I had a very vivid and terrible dream last week. It was in fact a truly dystopian nightmare and no fun at all.
I dreamt that I was an enabler for a legal profession that had properly fucked up justice, fucked up any meaningful sense of ethics and fucked up saving the planet. Lawyers had become facsimile lobbyists and plausible apologists for those destroying the planet. We had become a profession that had swapped professional independence for arch indifference and found an ally in sophistry to cloak our eyes from the crimes of our clients.
In my dream I was at a Hollywood-esque awards ceremony and surrounded by brilliant billionaire lawyers. The emerging theme of the evening was that we could make anyone, break anyone, and do anything we liked for whoever we liked. We could do this because we were the special ones, self-anointed in our own infallible judgement and dripping in the obsequiousness of our success.

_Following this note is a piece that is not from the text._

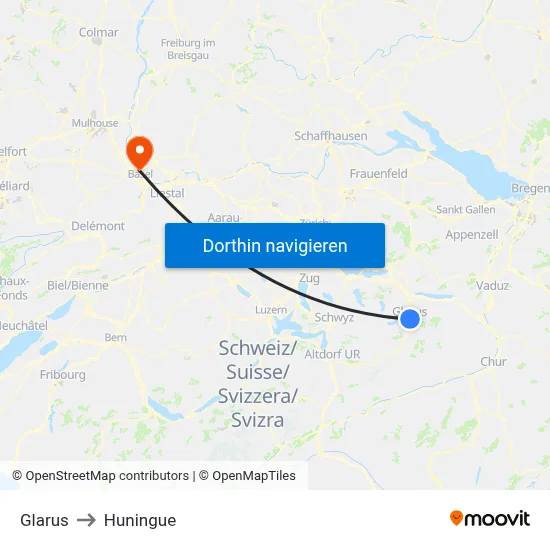 Glarus to Huningue map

Acceptance speech after acceptance speech celebrated the breaking down of cultures, traditions and societal norms to release the power of self-interest. There was no irony, no self-awareness and above all no accountability.
Lawyers in this grim universe were not above the law, but outside of it. They were self-appointed puppet masters, one hand guiding the unimaginably rich and the terrifyingly powerful, the other hand holding their noses.
Rules and laws were respected, of course, because that was the game. You had to know the law brilliantly in order to know how it might not apply to anything your clients wanted to do. But then, should a law become just a little bit too inconvenient, the fee for lobbying and promoting a change to the law was even more valuable.
In this nightmare I was sat next to lawyers drunk on arrogance, but their words were also utterly reasonable, measured and knowing. The secret of their success revealed in subtle, but obvious behavioural tics.
These lawyers, of course, would never lie. However, they knew that distraction, diversion and a total command of language was key.
These lawyers, of course, would never cover anything up. However, legal privilege and confidentiality were their legitimate tools often deliberately misunderstood, so that in combination with a limitless client budget, their clients’ rights became the expedient lubrication for delay and obfuscation.
These lawyers, of course, would never take any steps against an opponent that they should not take. However, they would casually summon up the grotesque reputations of those they represented, as a service to their opponents who might not otherwise fully comprehend the ferociousness and fear the fight might unleash upon them.
These lawyers, of course, knew that they could not defend the indefensible. However, they would represent anyone over anything, and let the justice system and their clients wealth, test the boundaries of expediency and the limits of their opposers resources.
As communities burned, as institutions failed and as the planet lost its grip on sustainable living, these lawyers celebrated their immunity from scrutiny because they were the keepers of ethicality.
How dare anyone challenge them or their clients’ rights to have access to the full power and majesty of the law.
Bloated on their windfall fees, these lawyers did not have to see the consequences of their clients’ actions. These lawyers wore this wilful blindfold uncaring that principles that once protected us all, were now only used to cheat humanity and all we had achieved as a society.
My nightmare evening ended with an award for me. For a lifetime of turning the other way. My citation was read to pompous appreciation. The line that jolted me back into consciousness and out of this terrible dream, was this:
“For his unwavering support for our ethical rules that permit us all to sleep well at night. We all know that without our ethical rules, it would be impossible for us achieve anything we have celebrated here this evening.”
I sat in my chair as the room then rose in standing acclamation for my contribution to their success. I was unable to move under the burden of knowing that I had resolutely defended ethical rules that had given permission for all these hellish things to unleashed on all of us.
But thank goodness it was just a dream.
It was 3am and I was now wide awake in my hotel room, deeply, deeply disturbed by my dream. Palms sweating and my body shivering with the threat of what my mind had turned over; I did not want to go back to sleep in case I returned to the nightmare. So, I made a cup of tea and I wrote this blog, hugely, hugely relieved that my dream was not real.
I hope to goodness that we will never, ever become so bent out of shape that we see our ethics as a means to exploit situations for our own success. But, perhaps the time has come to add one more line to our guiding rules:
“…and that above all, we must do no harm”.